Been on a LV climbing road race plan since January 1. Until mid-summer, I completed every workout on this plan. I started skipping the easier workouts for outdoor rides this summer, while trying to do every v02 max workout. I stopped squatting in spring to take the load off my legs as spring-early summer featured what seemed like all v02 max workouts.

I’m planning to prioritize lifting again this F/W, especially squats. It’s my weakest compound lift and I’m aiming to get to a 1RM of 300, just because. Ultimate goal is 3 plates. My previous max was 280. Anyhow, I started squatting again a few weeks ago, increased the weight this week, and today’s v02 max workout was too hard. Although It wasn’t just the legs, for whatever reason, it was very taxing aerobically, more than normal, and this was the first time I failed a workout.

I don’t race and don’t plan to.

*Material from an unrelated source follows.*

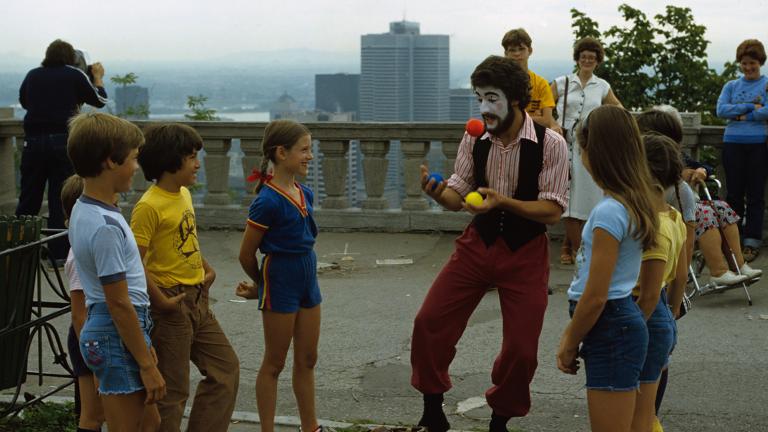 A man with a painted face juggles outdoors, as smiling children watch. A city skyline appears behind him at a distance. Partially obscured.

My only goal on TR was to “get faster” outside, measured by whatever average speed I record on my normal training routes that I ride over and over. That and climbing better. I’m already dialing back outdoor rides. I don’t want to lose too much cycling fitness, but as I get back into prioritizing lifting, I just want to maintain my cycling fitness as much as possible. I was pleased with my progress on TR this year. Could I do this by transitioning to a higher volume but lower intensity plan? Like a lot of Z2 rides, or sweet spot, but nothing more intense? The v02 max workouts seem like really good bang for the buck so I’m a bit reluctant to drop it completely, but then it just seems too hard to do those while I’m going hard on my lifting as well, especially squats.

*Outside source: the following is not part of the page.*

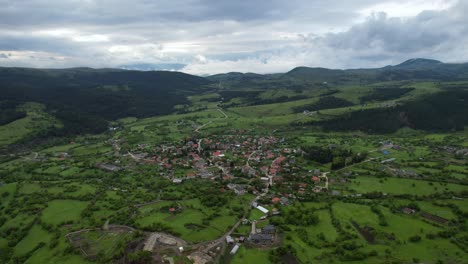 mountain village of voskopoja surrounded by lush greenery and dense black pine forests, nestled in a serene landscape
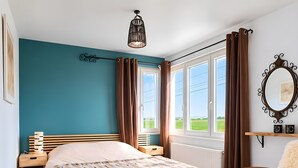 A bedroom with a bed, a nightstand, a chair, a window with curtains, a hanging light fixture, and a mirror on the wall.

my current lifting program has me doing squats 3xweek, 3 week blocks with progressive overload.

If it was me I’d probably just do one REALLY HARD workout a week. VO2 Max one week, Threshold the next.

Easy Z2 and fun rides the rest of the week.

Keep that hard workout as far from lifting as possible. So if you lift M/W/F evenings, do your hard ride on Sunday evening or Monday morning.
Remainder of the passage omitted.